◆ **To do**:
Only the lines from the one containing "عکس فوتبالی" through the end of the listing belong in the answer, repeated exactly, with no pictures.

◆ **Data excerpt**:
········

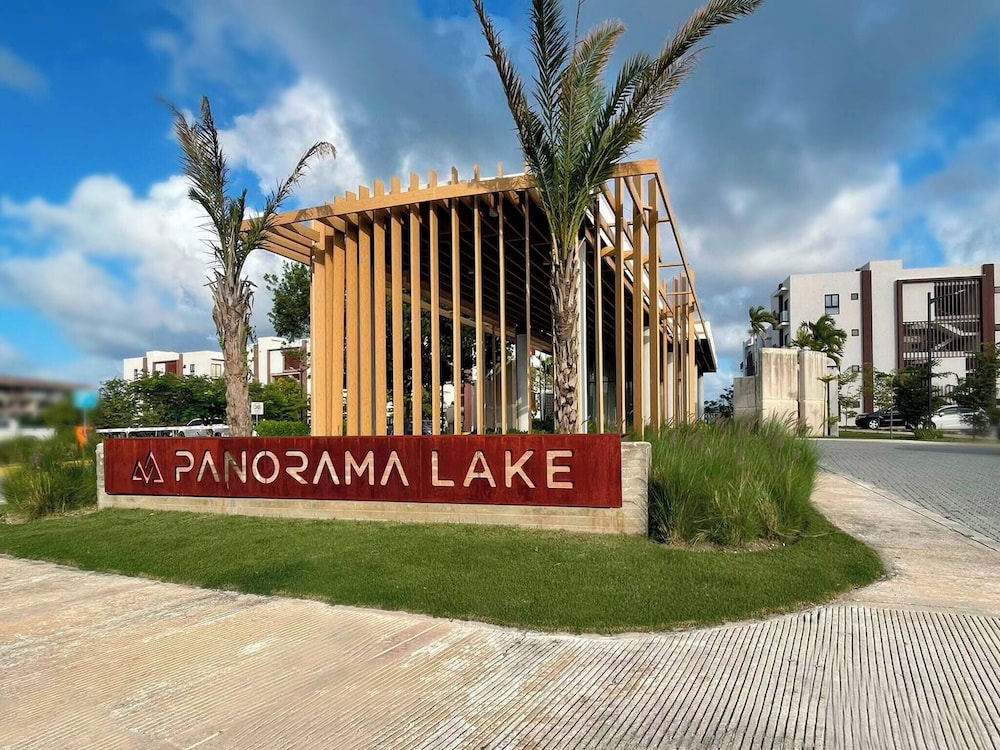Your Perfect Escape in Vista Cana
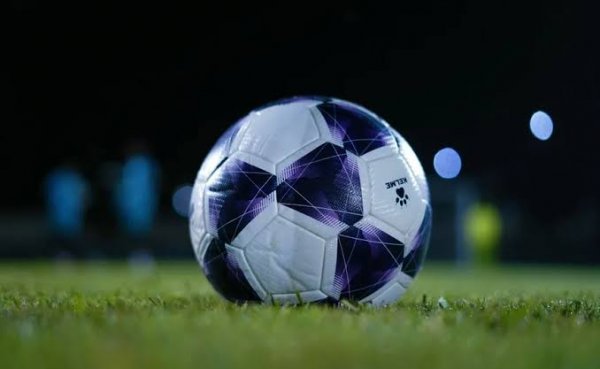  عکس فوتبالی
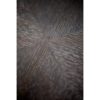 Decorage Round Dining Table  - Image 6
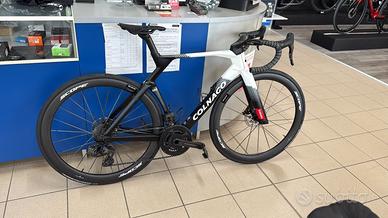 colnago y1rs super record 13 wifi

········

◆ **Task answer**:
  عکس فوتبالی
 Decorage Round Dining Table  - Image 6
 colnago y1rs super record 13 wifi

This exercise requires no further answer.